La maldición de Pablo Iglesias

Desde su cargo y desde la tribuna del Congreso, su 'nunca más' no sonó a pronóstico, ni lo era; sonó a amenaza.

Desde su cargo y desde la tribuna del Congreso, su 'nunca más' no sonó a pronóstico, ni lo era; sonó a amenaza.
Pablo Iglesias, en el Congreso. | EFE

En réplica a una pregunta del PP en el Congreso, el vicepresidente Iglesias contestó que el principal partido de la derecha española “no volverá a formar parte del Consejo de Ministros de este país”. Es decir, no contestó, sino que hizo un augurio o, como sugiere su remozada imagen, echó una maldición: ¡no volveréis a gobernar nunca más! Augurio, maldición o aviso, lo relevante es que procede de un miembro del Gobierno. Cuando el vicepresidente de un Gobierno dice en la tribuna del Parlamento que un partido no volverá a estar en el Consejo de Ministros, la cuestión que surge de inmediato es si va a hacer algo para impedirlo. Y, acto seguido, la pregunta es qué hará.
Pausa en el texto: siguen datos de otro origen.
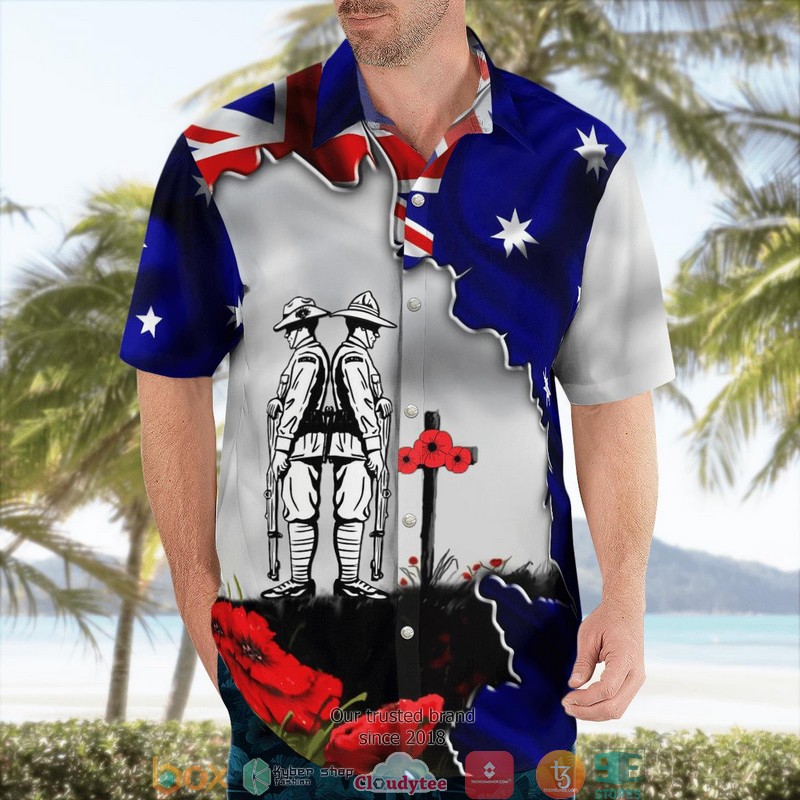 Australia ANZAC Day We Will Remember Them Hawaiian shirt 4 Australia ANZAC Day We Will Remember Them Hawaiian shirt word2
Iglesias no lleva ni nueve meses en el Gobierno de España. El Partido Popular ha gobernado España durante más de dieciséis años. Si sumamos los Gobiernos de la UCD, serían cinco años más para el centroderecha. Estos simples datos perfilan las dimensiones de la infatuación de un Iglesias que, no siendo más que el socio, y socio menor, de un Gobierno presidido por los socialistas, habla como si tuviera un puesto a perpetuidad en el Consejo de Ministros, como si fuera suyo el Consejo y como si fuese él quién decide quiénes van a gobernar y quiénes no.

A Iglesias, parece claro, le hace falta un memento mori, un recordatorio de la fugacidad en la política, de que un día estás en el Gobierno y al otro estás en tu casa o ante alguna puerta giratoria. E igual que salió de la nada, a la nada puede volver. Su partido, a fin de cuentas, sólo lleva un cuarto de hora en los telediarios. Pero el conocido trasfondo de estos nuncajamases, aparte del deseo de que se cumplan, es la vieja tendencia en nuestra izquierda a negar legitimidad a la derecha para gobernar.
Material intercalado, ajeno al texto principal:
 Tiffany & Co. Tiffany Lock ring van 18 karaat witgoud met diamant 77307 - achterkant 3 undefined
Desde su cargo y desde la tribuna del Congreso, su nunca más no sonó a pronóstico, ni lo era; sonó a amenaza. Dadas las tensas circunstancias del intercambio, se diría que quiso que sonara así. El vicepresidente de un Gobierno no puede decir al principal partido de la oposición que no volverá a gobernar. No puede decirlo sin que nos preguntemos por su respeto a las reglas de la democracia. Porque sólo alterándolas, pervirtiéndolas, puede asegurar, como aseguró, que ese partido estará excluido para siempre de la posibilidad de llegar al Gobierno de España.